Jason drowned in December in his family's backyard pool after he unlocked a door, slipped outside and fell into the water. His mother said Jason had just learned to turn a lock.
"My heart broke into a million pieces. I can't even hold back my tears right now," Georgia Booden says. "It's so hard facing that day. To look at your baby, no matter what age, and know the life that once was there is now gone kills something inside of you. Nothing else matters anymore."
Last year, 20 children drowned in Maricopa County. So far this year, a 2-year-old Phoenix boy drowned in a backyard pool in January.
"Hold your children close even if they don't like it," Booden says. "Being a parent that smothers their child is better than being a parent of a child who is gone due to an accident which could have been prevented."
Booden, 25, is a stay-at-home mom.

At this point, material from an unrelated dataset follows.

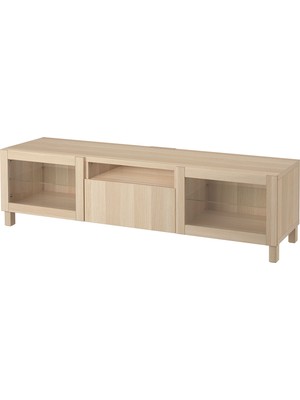 IKEA Ağartılmış Meşe Tv Sehpası 180X42X48 Cm, 2 Cam Kapaklı, 1 Çekmeceli, Raflı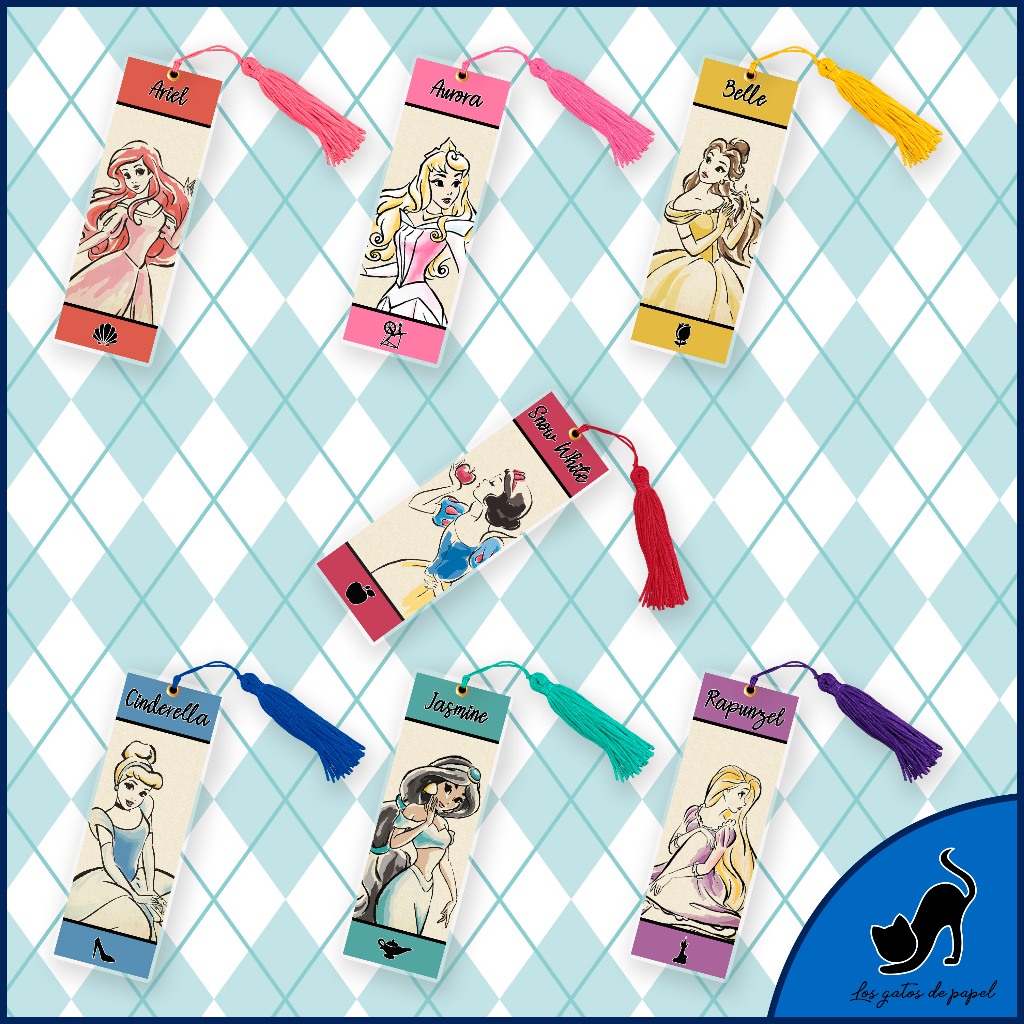 Marcador de página - Série: Princesas (Cinderela, Branca de Neve, Bela, Aurora, Ariel, Rapunzel, Jasmine)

She always kept the doors locked.
The doors were locked that day, too. Jason was in a back room when his mother went to check on the baby.
When she came back, she saw a sliding glass door open and looked to the pool.
"I saw something in the pool," Booden says. "My first thought was it was a blanket, but I knew we didn't own a blanket with those colors on it."
At the hospital, she and her husband asked to see their son.
"I walked in and saw my wonderful little man on the bed. The rest of it is too hard to say."
What she can say is that Jason was in a locked house. Kids are quick and quiet when they are up to something. Never let your guard down.
"I hope hearing our story makes them love their children more and never lose sight of them even for a second," Booden says. "Nothing matters as much as them."